Special considerations for upgrading to version 4.3 (RF>2 + Rack-Aware + AP)


#1

Special considerations for upgrading to version 4.3

Summary

Review this article if you are upgrading to 4.3 and have the following configurations in your cluster:

Details

When upgrading to 4.3 (with the above mentioned configuration), migrations may get stuck (refer to the Monitoring Migrations article for confirming migrations are indeed stuck).

This is due a change in the partition balance algorithm introduced for the prefer-uniform-balance feature in 4.3. In more technical terms, the problem is due to the nodes running the new version have shifted the working master to the right-most identically versioned node. Since the nodes running the previous versions didn’t do this, when 2 copies of a partition end up with the same version on nodes running different server versions, migrations would get confused and stuck for such partition. Once all nodes are upgraded, this is of course not an issue anymore.

Workaround

Upgrading from 4.2 to 4.3 with persistent storage

Simply proceed with the rolling upgrade as usual. If a node is not restarted in a timely fashion, migrations may get stuck. Simply bring the node back in the cluster and proceed with the rolling upgrade.

Upgrading from a version prior to 4.2 or upgrading from 4.2 to 4.3 without persistent storage

(A) If data is persisted, upgrade to 4.2 prior to upgrading to 4.3. The first upgrade will require erasing the data on the persistent storage, one node at a time, as detailed on the 4.2 upgrade documentation. Proceed with a second upgrade to 4.3 following the instructions above.

(B) For data in memory only namespaces or when directly upgrading from a version prior to 4.2 directly to 4.3 (requiring erasing all data), upgrade one rack at a time, waiting for migrations to finish their activities (either completing or getting stuck) prior to proceeding to the next rack. It may be helpful to stop migrations while a rack is down to avoid running out of capacity on the remaining racks by setting migrate-threads to 0 prior to taking a rack down, and setting it back to its original value (default is 1) when the rack is upgraded and back up. This may cause some partitions to temporarily have one less copy in the cluster.

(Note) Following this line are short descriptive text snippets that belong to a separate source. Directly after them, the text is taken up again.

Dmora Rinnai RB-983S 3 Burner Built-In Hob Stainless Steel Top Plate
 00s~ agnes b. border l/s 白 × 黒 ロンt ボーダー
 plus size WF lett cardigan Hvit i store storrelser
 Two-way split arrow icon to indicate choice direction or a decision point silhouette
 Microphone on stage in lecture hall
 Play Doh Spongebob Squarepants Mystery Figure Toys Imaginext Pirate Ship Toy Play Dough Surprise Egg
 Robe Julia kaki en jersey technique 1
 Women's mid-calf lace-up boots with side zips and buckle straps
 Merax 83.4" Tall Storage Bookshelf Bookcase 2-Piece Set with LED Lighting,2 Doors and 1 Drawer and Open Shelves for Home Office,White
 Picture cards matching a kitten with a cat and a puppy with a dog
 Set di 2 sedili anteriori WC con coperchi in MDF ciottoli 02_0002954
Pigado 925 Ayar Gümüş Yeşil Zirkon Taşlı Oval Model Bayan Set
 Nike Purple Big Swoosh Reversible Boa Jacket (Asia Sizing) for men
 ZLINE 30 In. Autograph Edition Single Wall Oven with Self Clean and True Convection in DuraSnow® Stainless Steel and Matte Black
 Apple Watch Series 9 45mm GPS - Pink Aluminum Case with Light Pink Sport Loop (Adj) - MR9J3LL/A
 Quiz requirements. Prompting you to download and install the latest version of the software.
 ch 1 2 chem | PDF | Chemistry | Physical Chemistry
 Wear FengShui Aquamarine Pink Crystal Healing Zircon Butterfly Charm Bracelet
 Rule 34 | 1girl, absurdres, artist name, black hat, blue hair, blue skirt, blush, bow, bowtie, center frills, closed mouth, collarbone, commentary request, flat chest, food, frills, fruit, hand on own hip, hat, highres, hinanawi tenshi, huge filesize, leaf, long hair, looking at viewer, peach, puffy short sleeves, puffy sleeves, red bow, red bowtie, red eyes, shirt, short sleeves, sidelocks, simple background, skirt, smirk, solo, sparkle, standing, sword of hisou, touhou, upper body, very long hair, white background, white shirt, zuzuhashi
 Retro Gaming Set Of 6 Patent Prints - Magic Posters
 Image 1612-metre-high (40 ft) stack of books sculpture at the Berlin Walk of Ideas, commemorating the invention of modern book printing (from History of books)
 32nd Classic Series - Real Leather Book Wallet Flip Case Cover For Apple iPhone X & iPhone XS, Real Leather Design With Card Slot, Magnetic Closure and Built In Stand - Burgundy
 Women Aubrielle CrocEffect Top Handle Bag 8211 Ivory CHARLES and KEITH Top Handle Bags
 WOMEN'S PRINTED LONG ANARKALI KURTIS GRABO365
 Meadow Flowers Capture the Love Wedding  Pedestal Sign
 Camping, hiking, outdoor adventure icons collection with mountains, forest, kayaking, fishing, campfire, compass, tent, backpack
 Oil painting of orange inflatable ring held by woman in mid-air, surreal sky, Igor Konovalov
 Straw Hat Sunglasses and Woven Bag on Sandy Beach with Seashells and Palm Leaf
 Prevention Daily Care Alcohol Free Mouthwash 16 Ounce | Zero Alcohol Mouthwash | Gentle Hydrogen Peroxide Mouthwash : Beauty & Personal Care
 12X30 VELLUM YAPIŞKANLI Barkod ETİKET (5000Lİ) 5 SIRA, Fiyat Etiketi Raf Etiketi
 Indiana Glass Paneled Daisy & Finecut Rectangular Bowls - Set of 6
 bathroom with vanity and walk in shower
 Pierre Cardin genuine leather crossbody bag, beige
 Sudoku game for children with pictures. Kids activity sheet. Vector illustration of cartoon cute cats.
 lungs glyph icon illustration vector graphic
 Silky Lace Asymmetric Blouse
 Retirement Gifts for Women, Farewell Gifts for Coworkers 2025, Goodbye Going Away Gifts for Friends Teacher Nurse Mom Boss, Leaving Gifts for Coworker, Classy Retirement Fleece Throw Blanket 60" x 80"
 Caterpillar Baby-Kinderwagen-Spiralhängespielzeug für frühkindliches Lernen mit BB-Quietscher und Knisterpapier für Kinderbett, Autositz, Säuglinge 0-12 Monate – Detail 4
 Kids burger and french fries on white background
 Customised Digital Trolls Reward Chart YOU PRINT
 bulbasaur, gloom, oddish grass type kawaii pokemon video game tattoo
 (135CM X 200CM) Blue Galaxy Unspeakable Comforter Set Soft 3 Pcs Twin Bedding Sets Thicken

(C) An alternative to (B), if running on 3 racks, would be to take 2 racks down, upgrade them both, bring them back, wait for migrations to complete and then upgrade the last rack. It may be helpful to stop migrations while the 2 racks is down to avoid running out of capacity on the remaining racks by setting migrate-threads to 0 prior to taking a rack down, and setting it back to its original value (default is 1) when the rack is upgraded and back up. In this case, when 2 racks are down, migrations should complete, since with one remaining racks, there will not be any conflicts between 2 copies of the same partition that would confuse the migrations and get them stuck. This of course means running with only 1 copy of each partition temporarily.

Note

  • This is a one-off issue. Once the upgrade to 4.3 is completed, this issue will not happen as all nodes would be running the same distribution algorithm.
  • In all options listed above, no data is lost, unless something unexpected happens during the procedure, like additional nodes going down.

Keywords

UPGRADE 4.3 RACK-AWARE MIGRATIONS STUCK

Timestamp

Aug 31 2018